Find parent with certain combination of child rows - SQLite with Python

There are several parts to this question. I am working with sqlite3 in Python 2.7, but I am less concerned with the exact syntax, and more with the methods I need to use. I think the best way to ask this question is to describe my current database design, and what I am trying to accomplish. I am new to databases in general, so I apologize if I don't always use correct nomenclature.

I am modeling refrigeration systems (using Modelica--not really important to know), and I am using the database to manage input data, results data, and models used for that data.

My top parent table is

Model
, which contains the columns:

id, name, version, date_created


My child table under
Model
is called
Design
. It is used to create a unique id for each combination of design input parameters and the model used. the columns it contains are:

id, model_id, date_created


I then have two child tables under
Design
, one called
Input
, and the other called
Result
. We can just look at Input for now, since one example should be enough. The columns for input are:

id, value, design_id, parameter_id, component_id


parameter_id
and
component_id
are foreign keys to their own tables.The
Parameter
table has the following columns:

id, name, units


Some example rows for
Parameter under
name are: length, width, speed, temperature, pressure (there are many dozens more). The Component table has the following columns:

id, name


Some example rows for
Component
under name are: compressor, heat_exchanger, valve.

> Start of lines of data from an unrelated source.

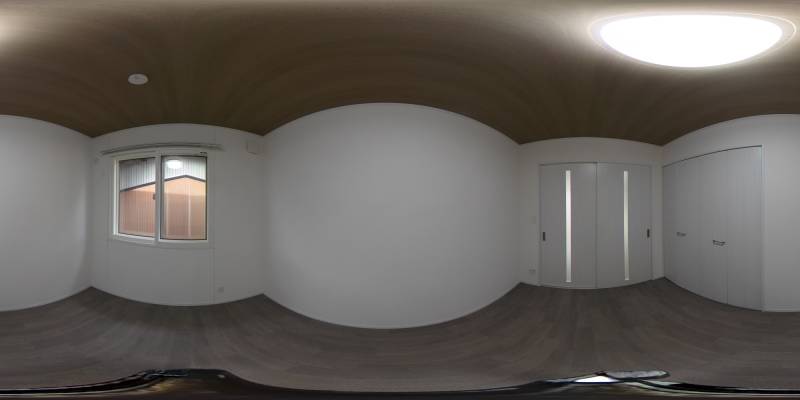 パノラマ画像洋室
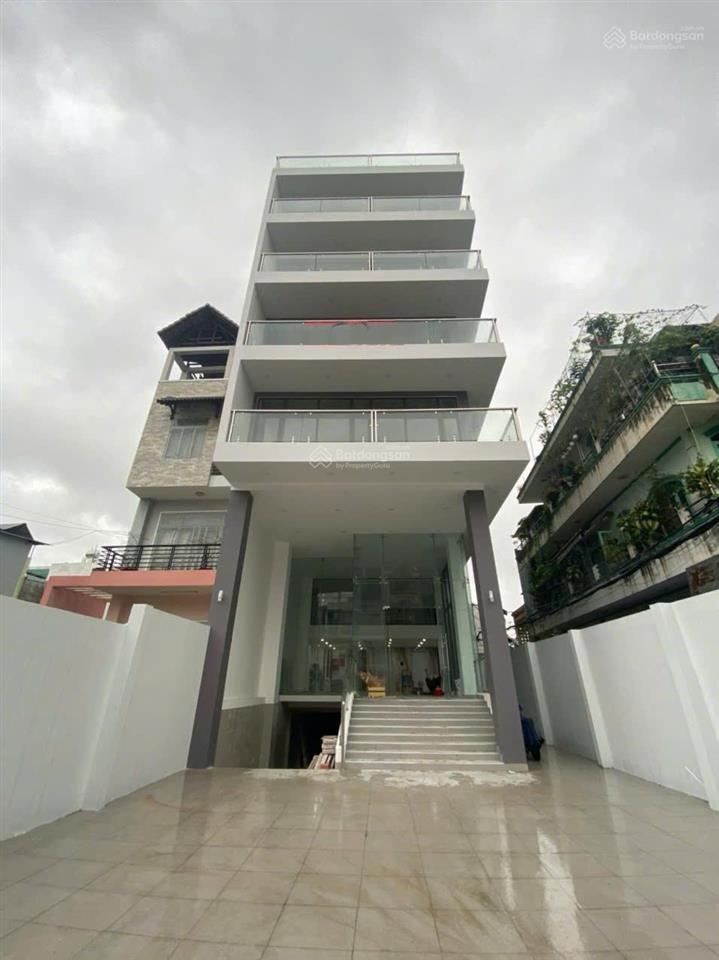 Bán tòa nhà mặt tiền tân kỳ tân quý  quận tân phú. 9m x 66m. hầm 7 tầng. hđt 350tr/th. giá 95 tỷ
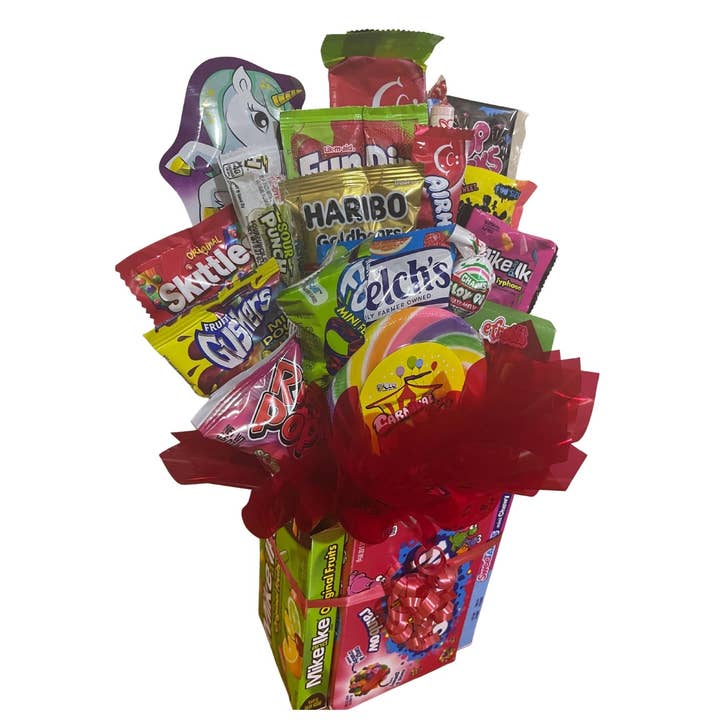 Sumptuous Gifts - Wholesale Gift Bag Set/Pack - Mixed Candy Bouquet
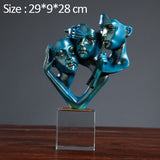 Personality Decoration Thinker Mask Sets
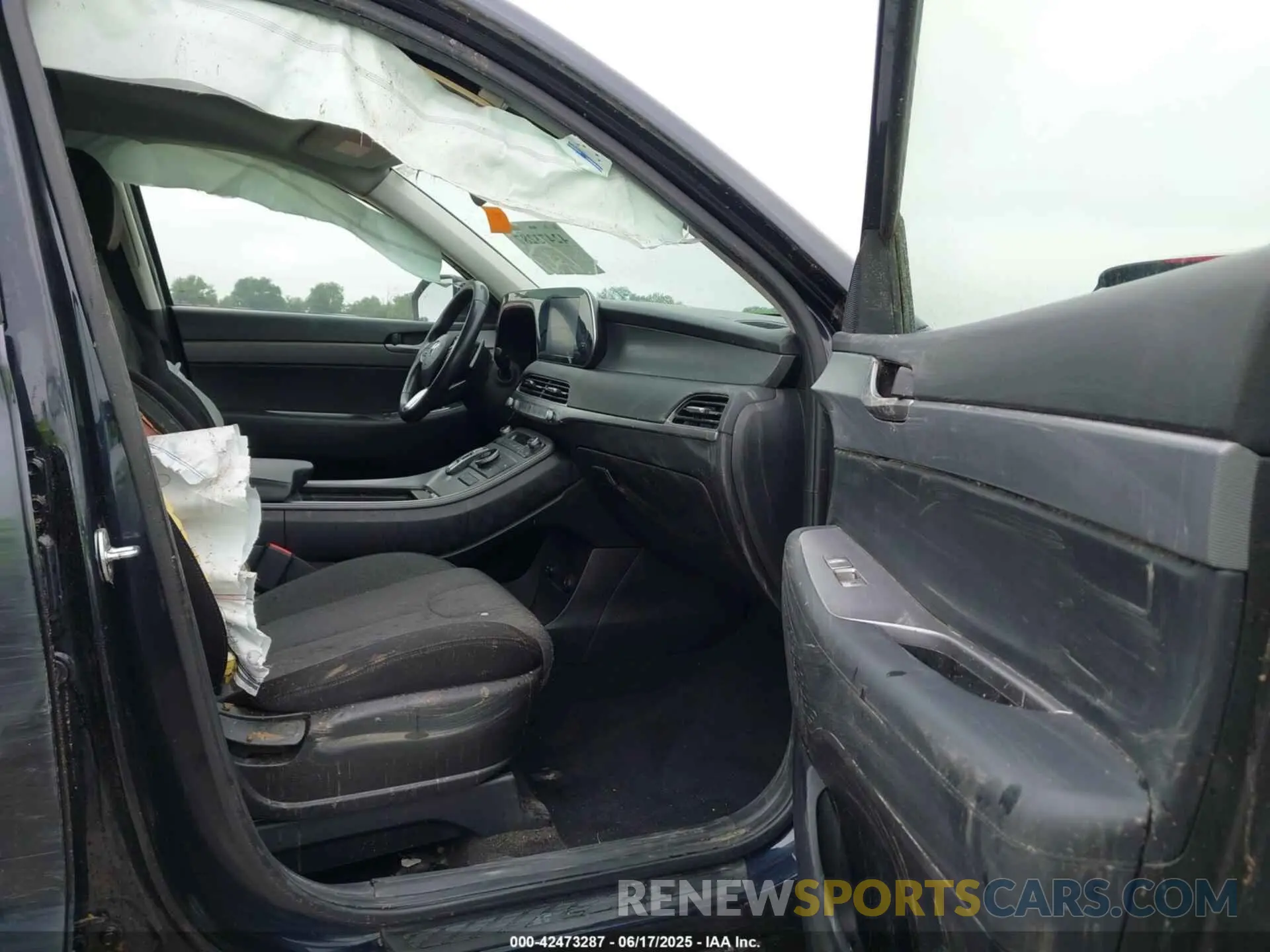 5 Photograph of a damaged car KM8R34HE5MU223022 HYUNDAI PALISADE 2021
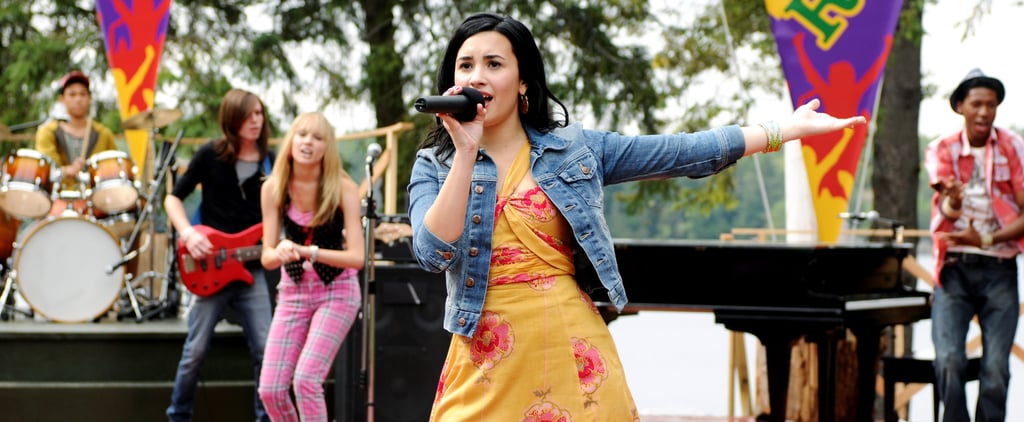 Demi Lovato Rewatches Camp Rock With Boyfriend Max Ehrich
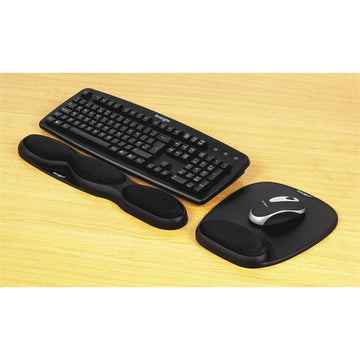 Kensington Comfort Gel Keyboard Wrist Rest — Black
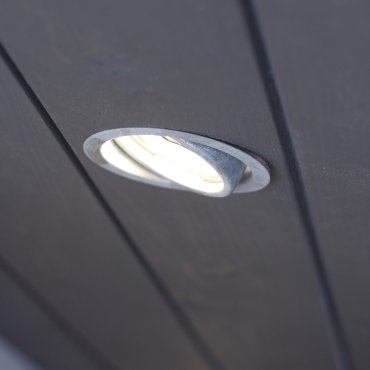 Nordlux Tip - spot encastré - Ø 80 mm, Ø 72 mm  taille d'encastrement - IP23 - galvanisé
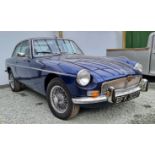 1980 MGB 1798cc. Registration number GOA 827W.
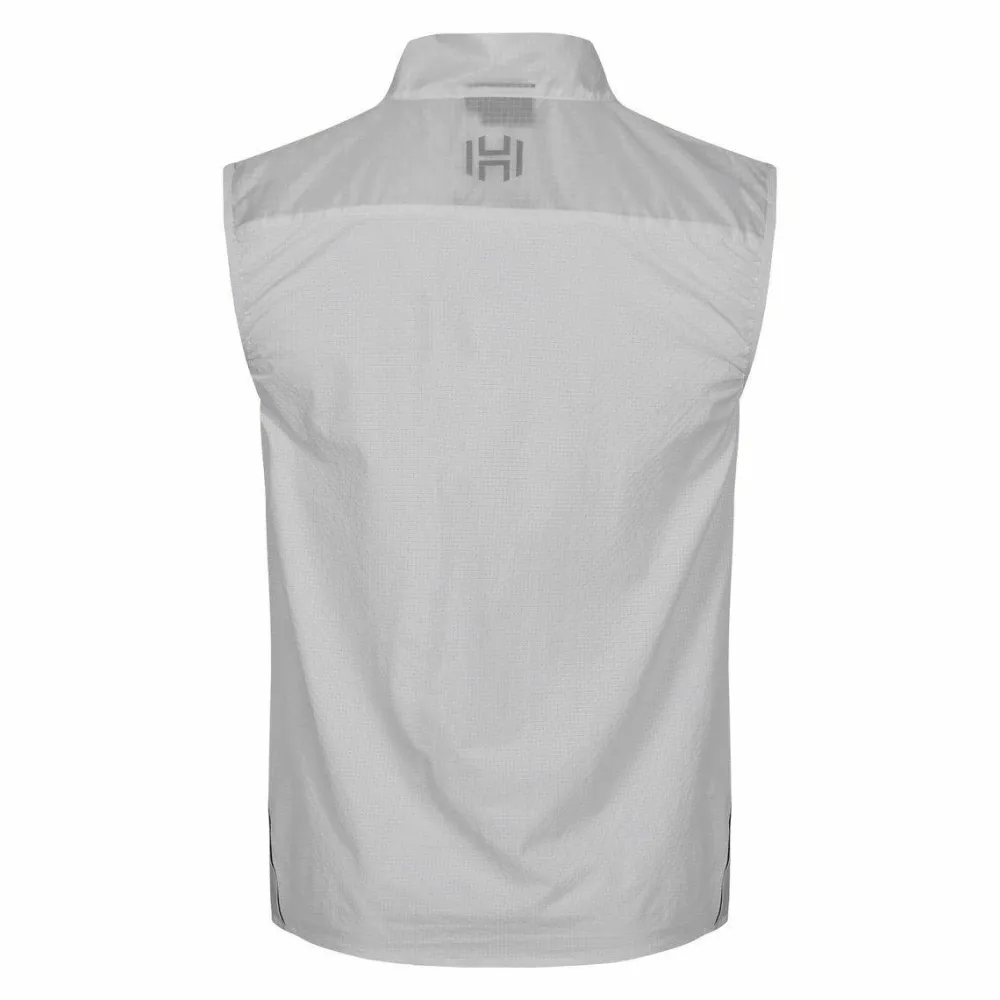 Hellner Biekkus Wind Vest Men's Nimbus Cloud Best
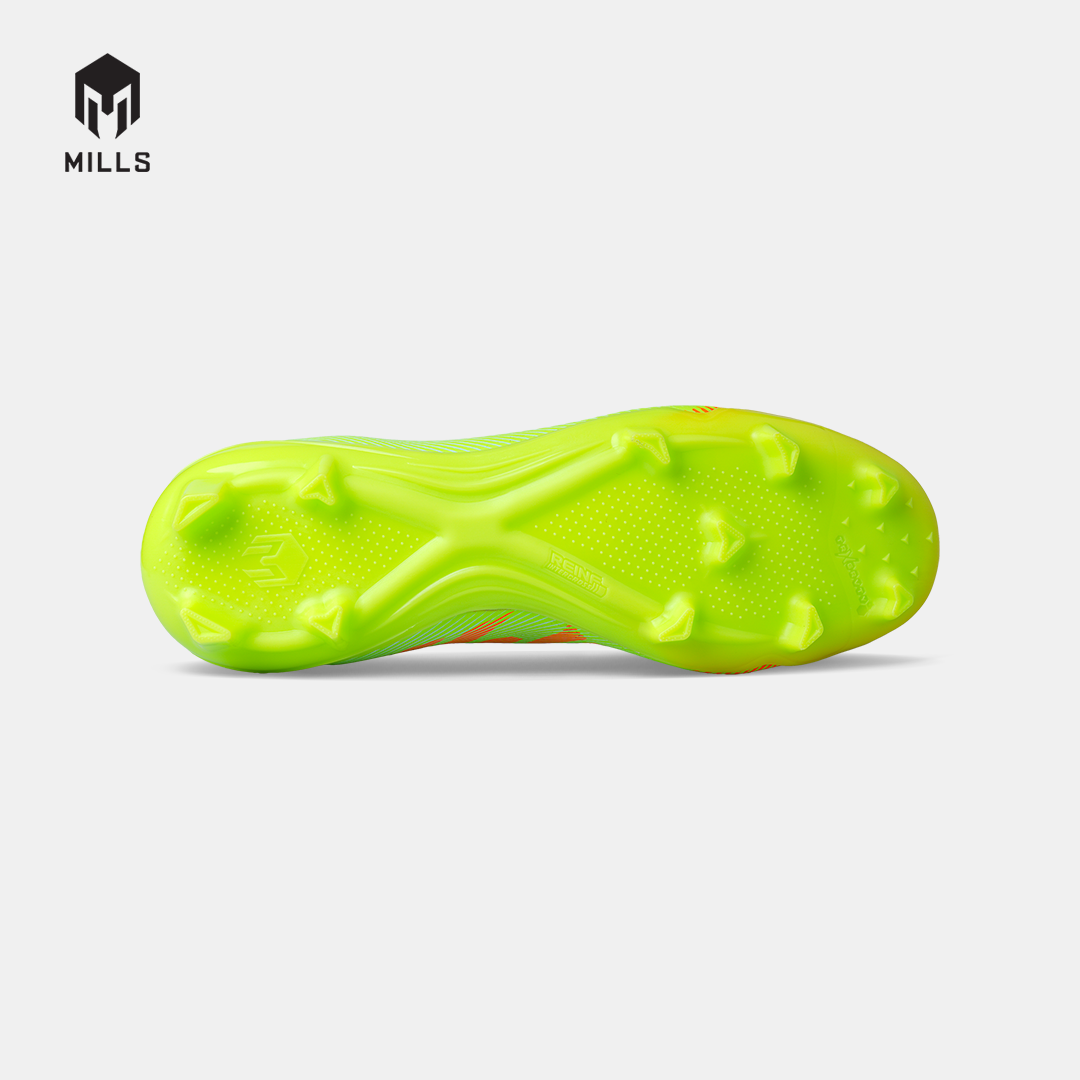MILLS SEPATU SEPAKBOLA XYCLOPS NITROACE M1.2 MATCH FG MISTY.TEAL/LASER.LIME/FRESH.ORANGE 9308503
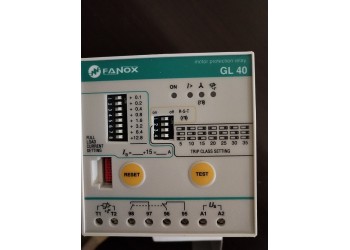 西班牙FANOX繼電器啟動器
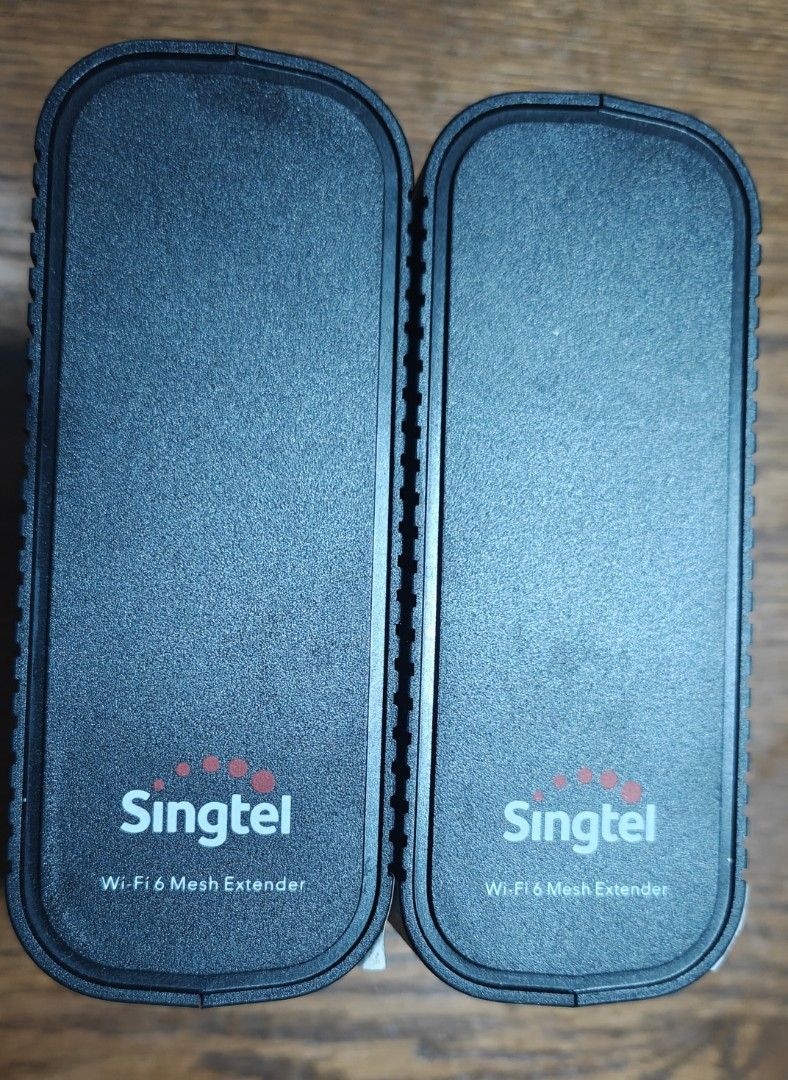 Singtel Wi-Fi 6 Mesh Extender (2 Units)478522149689763841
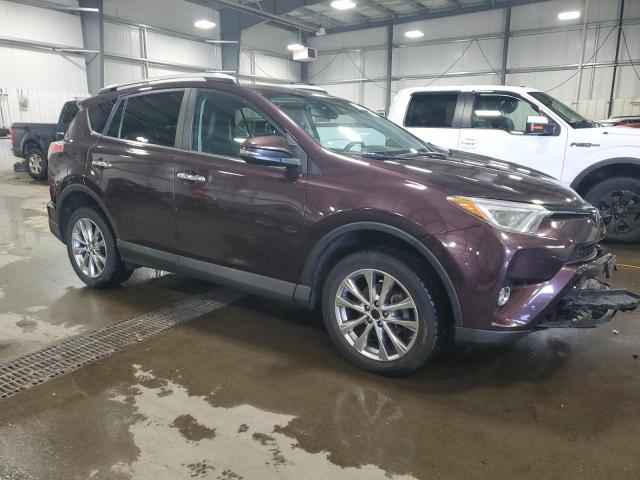Vin: 2t3dfrev3gw537010, lot: 52183005, toyota rav4 limited 20164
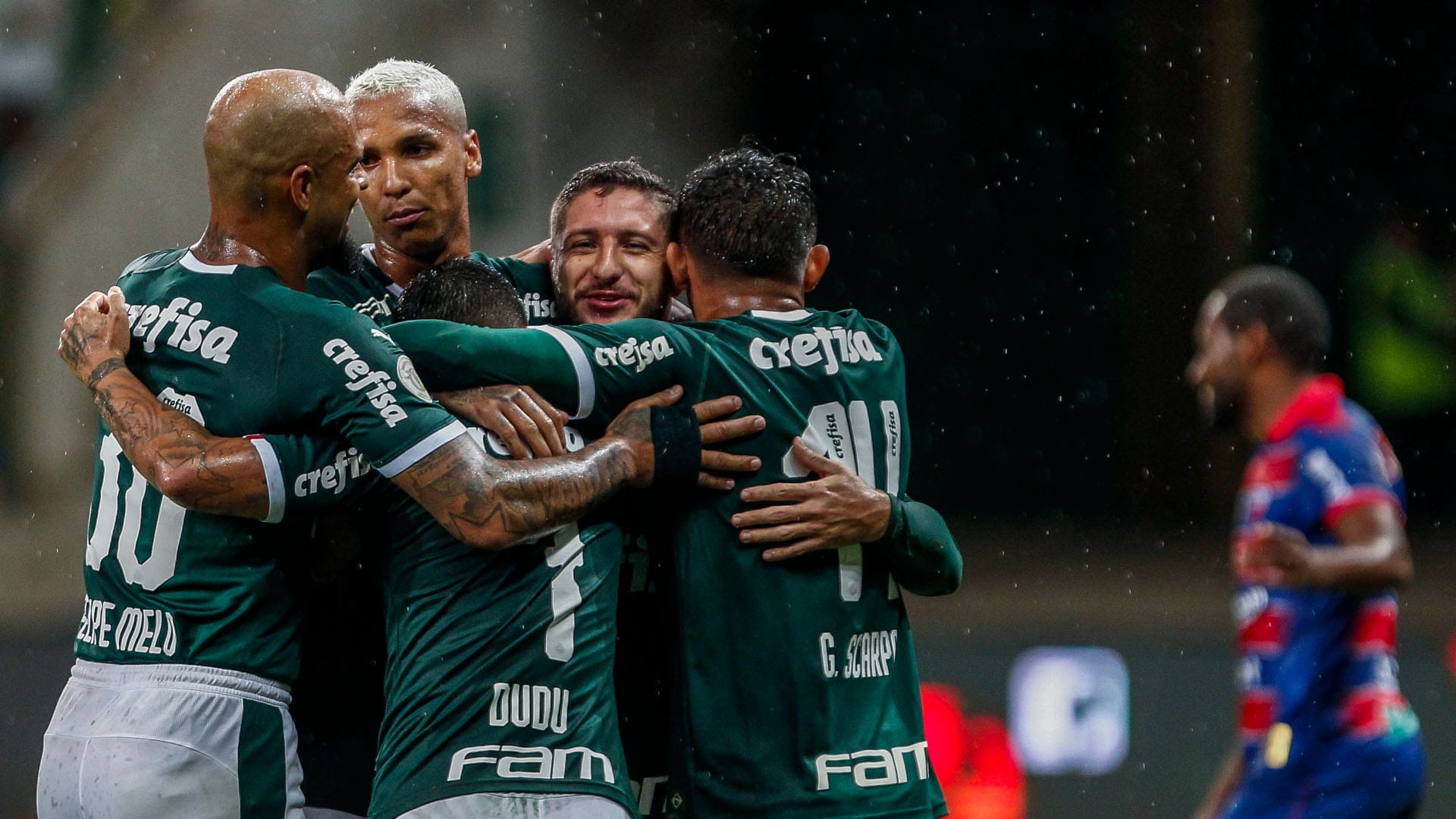 Palmeiras atuou como o favorito que se esperava, teve volume, bom futebol e goleou o Fortaleza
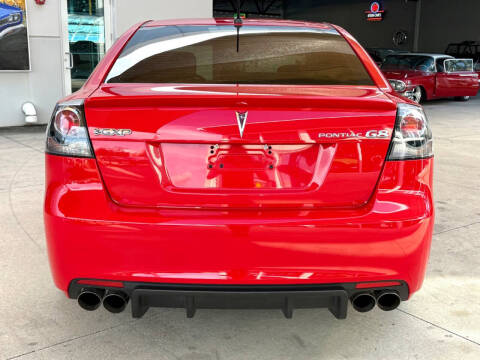 2009 Pontiac G8 GXP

Ultimately, in my program I want to search the database for a specific design. I want to be able to search a specific design to be able to grab specific results for that design, or to know whether or not a model simulation with that design has already been run previously, to avoid re-running the same data point.

I also want to be able to grab all the parameters for a given design, and insert it into a class I have created in Python, which is then used to provide inputs to my models. In case it helps for solving the problem, the classes I have created are based on the components. So, for example, I have a compressor class, with attributes like compressor.speed, compressor.stroke, compressor.piston_size. Each of these attributes should have their own row in the Parameter table.

So, how would I query this database efficiently to find if there is a design that matches a long list (let's assume 100+) of parameters with specific values? Just as a side note, my friend helped me design this database. He knows databases, but not my application super well. It is possible that I designed it poorly for what I want to accomplish.

Here is a simple picture trying to map a certain combination of parameters with certain values to a design_id, where I have taken out component_id for simplicity:

Picture of simplified tables

Answer

Simply join the necessary tables. Your schema properly reflects normalization (separating tables into logical groupings) and can scale for one-to-many relationships. Specifically, to answer your question --So, how would I query this database efficiently to find if there is a design that matches a long list (let's assume 100+) of parameters with specific values?-- consider below approaches:

Inner Join with Where Clause

For handful of parameters, use an inner join with a WHERE...IN() clause. Below returns design fields joined by input and parameters tables, filtered for specific parameter names where you can have Python pass as parameterized values even iteratively in a loop:

SELECT d.id, d.model_id, d.date_created
FROM design d
INNER JOIN input i ON d.id = i.design_id
INNER JOIN parameters p ON p.id = i.parameter_id
WHERE p.name IN ('param1', 'param2', 'param3', 'param4', 'param5', ...)

Inner Join with Temp Table

Should values be over 100+ in a long list, consider a temp table that filters parameters table to specific parameter values:

# CREATE EMPTY TABLE (SAME STRUCTURE AS parameters)
sql = "CREATE TABLE tempparams AS SELECT id, name, units FROM parameters WHERE 0;"
cur.execute(sql)
db.commit()

# ITERATIVELY APPEND TO TEMP
for i in paramslist:                                  # LIST OF 100+ ITEMS
    sql = "INSERT INTO tempparams (id, name, units) \
           SELECT p.id, p.name, p.units \
           FROM parameters p \
           WHERE p.name = ?;"
    cur.execute(sql, i)                               # CURSOR OBJECT COMMAND PASSING PARAM
    db.commit()                                       # DB OBJECT COMMIT ACTION 

Then, join main design and input tables with new temp table holding specific parameters:

SELECT d.id, d.model_id, d.date_created
FROM design d
INNER JOIN input i ON d.id = i.design_id
INNER JOIN tempparams t ON t.id = i.parameter_id 

Same process can work with components table as well.